Posted by February 13, 2015

"This is the really crappy part of the job, and this is what I hate about this industry frankly," the chief executive of oilfield services company Baker Hughes complained as he announced it would lay off 7,000 employees.

Baker Hughes is cutting jobs in response to slumping prices and a downturn in drilling activity.

But the company's obviously frustrated chief acknowledged that "this is the industry, and it's throwing us another one of these downturns, and we're going to be good stewards of our business and do the right thing."

So the company will cuts costs, he told investors in a conference call on January 20 to discuss the firm's fourth-quarter earnings and outlook for 2015.

More than 100,000 layoffs have been announced across the industry worldwide since prices began to slide last summer, according to a tally kept by Bloomberg.

In recent weeks other major service companies have announced job reductions. Halliburton announced it will cut 6,400 jobs (8 percent of its global workforce) while Schlumberger (SLB) will eliminate 9,000 positions (around 7 percent of its workforce).

Precision Drilling, one of the largest rig contractors in North America, has idled more than 50 of the 250 rigs it had working this time last year, leaving more than 1,000 skilled operators out of work, the company said on Thursday.

"Industry downturns are difficult for all, but they affect our rig crews more than anybody else," the company's chief executive said in a statement.

"Precision recruited, trained and developed many excellent crews to support the demands of our customers over the past several years, and unfortunately we now don't have work for many of these dedicated workers."

HUMAN CAPITAL

Tens of thousands more jobs have been cut, through layoffs or retirements, across every part of the industry, ranging from self-employed drilling contractors and well-completion crews to full-service companies, seismic surveyors and of course the oil and gas producers themselves.

Oil and gas production is an exceptionally capital-intensive industry. But the sector's most important and scarce resource is its workforce.

The oil industry's popular image may be a roughneck in soiled overalls drinking in a strip joint, but it has an enormous demand for highly skilled and, during a boom, very well compensated workers.

Modern oil and gas production is technically complicated and dangerous work. The days of drilling wildcat wells more or less at random and allowing the well to blow out in a massive gusher are long over.

The industry still provides employment for unskilled casual labour. In boom times some of the jobs for truck drivers and other support staff can be exceptionally well paid.

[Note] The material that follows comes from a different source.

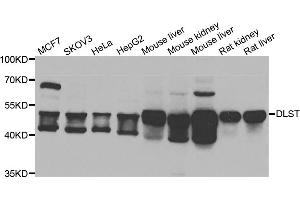 Western blot analysis of extracts of various cell lines, using DLST antibody (ABIN5975439) at 1/1000 dilution. (DLST 抗体)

But at its core are tens of thousands of petroleum engineers and petroleum geoscientists, as well as tool pushers, drillers, derrickmen and roughnecks on the rigs themselves, who perform specialised functions which demand years of formal education and, most importantly, experience in the field.

The challenge is recruiting, training and retaining these workers and maintaining an appropriate long-term labour force profile in an industry stuck with a profound boom-bust cycle and beset by periodic mass layoffs.

THE GREAT CREW CHANGE

Until recently, the oil industry was preoccupied by a looming shortage of skilled workers -- especially mid-career professionals ready to step into supervisory and senior leadership roles.

Schlumberger's consulting arm, which offers human resources planning advice to third parties, has warned repeatedly about "the looming talent shortage" as a result of what it termed "the great crew change".

Oil and gas companies have lots of experienced workers in their late 40s and 50s, and have recently succeeded in attracting more young graduates. But there is an acute shortage of mid-career professionals aged 35-45, with 10-20 years training and experience.

The large number of professionals in their 50s poses a major problem as they reach the age for retirement, while recent graduates are still 10-15 years away from being ready to assume supervisory positions.

The industry's uneven age profile is the legacy of the last downturn during the late 1980s and through the 1990s, when low oil prices and the squeeze on profits resulted in enormous job losses and a virtual freeze on hiring.

As a result, the cohort of workers recruited in the mid and late 1990s, who should be moving into supervisory and eventually leadership positions, is unusually small.

Back in 2013, Schlumberger predicted the oil and gas industry would have a shortage of around 15,000 experienced petroleum engineers and geoscientists by 2016.

The predicted shortfall of experienced petro-technical professionals (PTPs) would approach 20 percent of the total required number.

The looming shortage was seen by many as the biggest single threat to increasing oil and gas supplies in the second half of the current decade and into the 2020s.

GRADUATE RECRUITS


Schlumberger forecast the industry would need to hire 10,000 new petro-technical professionals every year through 2020 to offset retirements and meet the need for expansion.

The oil industry spent years working to encourage more college students to specialise in petroleum engineering and related disciplines.

Petroleum engineering departments hired extra instructors and increased enrolments. According to the U.S. Department of Education, the number of students enrolled in petroleum engineering programmes at U.S. universities increased from a recent low of just 561 in 1997 to 1,301 in 2011 (http://link.reuters.com/tux93w).

Now, of course, the downturn has thrown thousands of oil and gas professionals out of work, and led to pay freezes and cuts in contracting rates.

Amid all the headlines about layoffs, falling salaries and a potentially prolonged downturn in oil prices, the industry somehow has to avoid losing current graduates to other sectors and continue encouraging high school students that oil and gas engineering and science is an attractive long-term career.

Because if the oil industry cannot maintain an adequate skill base, with the right age structure, skill shortages will re-emerge and set the stage for the next brutal boom-bust cycle.

In practice, the industry has never succeeded in balancing long-term personnel planning with the short-term financial imperative to control the wage bill.

It may not be any more successful this time around, if the slump in oil prices and drilling continues long enough.

And that's why the chief executive of Baker Hughes could say truthfully mass lay-offs are what he and everyone else "hates" most about the oil and gas industry.